On Taiwan's recent move to apply for WHO full membership status under the designation "Taiwan," Jarzembowski said the new strategy might be the right step to take for "political reasons," but stressed the goal should still be on obtaining observership and meaningful participation in the organization.
Taiwan must ask itself what is the wisest way to achieve the aim, he said. At the moment, the U.S., Japan, and the EU do not support Taiwan's bid for full membership bid in the WHO and the European Parliament only supports the observership bid. However, the decision ultimately lies with the sovereign government of Taiwan, he added.
Jarzembowski also called for peaceful dialogue between China and Taiwan as one of the ways to dissolve current cross-strait tension.
The dialogue, he stressed, must be held on equal footing between one sovereign state to another, and rejected any role for the European Parliament as a mediator.
Jarzembowski also said he understood Taiwan's position in rejecting having the Olympic torch pass through Taiwan in light of the proposed route announced last Thursday in Beijing.
Taipei was not classified as one of the 20 "international" cities taking part in the relay, but rather as a Chinese "city outside China's border" along with Hong Kong and Macau.
Jarzembowski felt that whatever the proposed route might be, Taiwan could not let it send a wrong message to the international community.

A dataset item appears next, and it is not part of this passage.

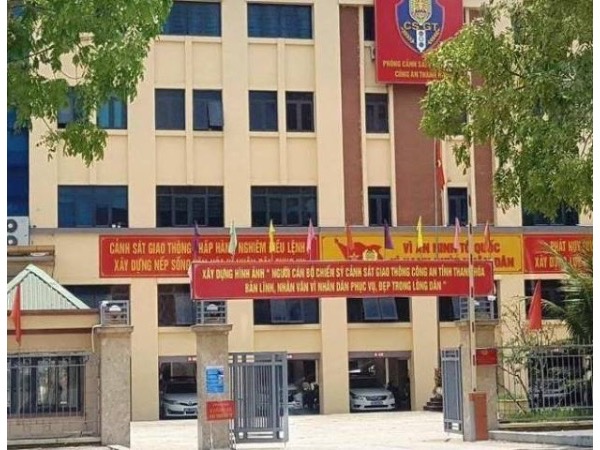 CSGT tham gia tiệc ma tuý tiễn bạn đi chấp hành án bị khởi tố.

All efforts should be made to avoid any misunderstandings or false images for those without knowledge of the Taiwan-China situation to suddenly think that Taiwan belongs to communist China, he said.
"I can understand the reluctance of the president (Chen Shui-bian) because you cannot put Taiwan on the same footing as Hong Kong or Macau," the European parliamentarian suggested. "Clearly Hong Kong and Macau are special administrative regions that belong to China, but Taiwan is a sovereign country and thus should not be put in the same realm of Hong Kong and Macau."
Jarzembowski, along with three other European parliamentarians will speak at a roundtable today on Taiwan-European Union relations. Earlier yesterday, the delegation met with President Chen Shui-bian in the Presidential Office where Chen sought the European Parliament's backing for Taiwan's WHO bid.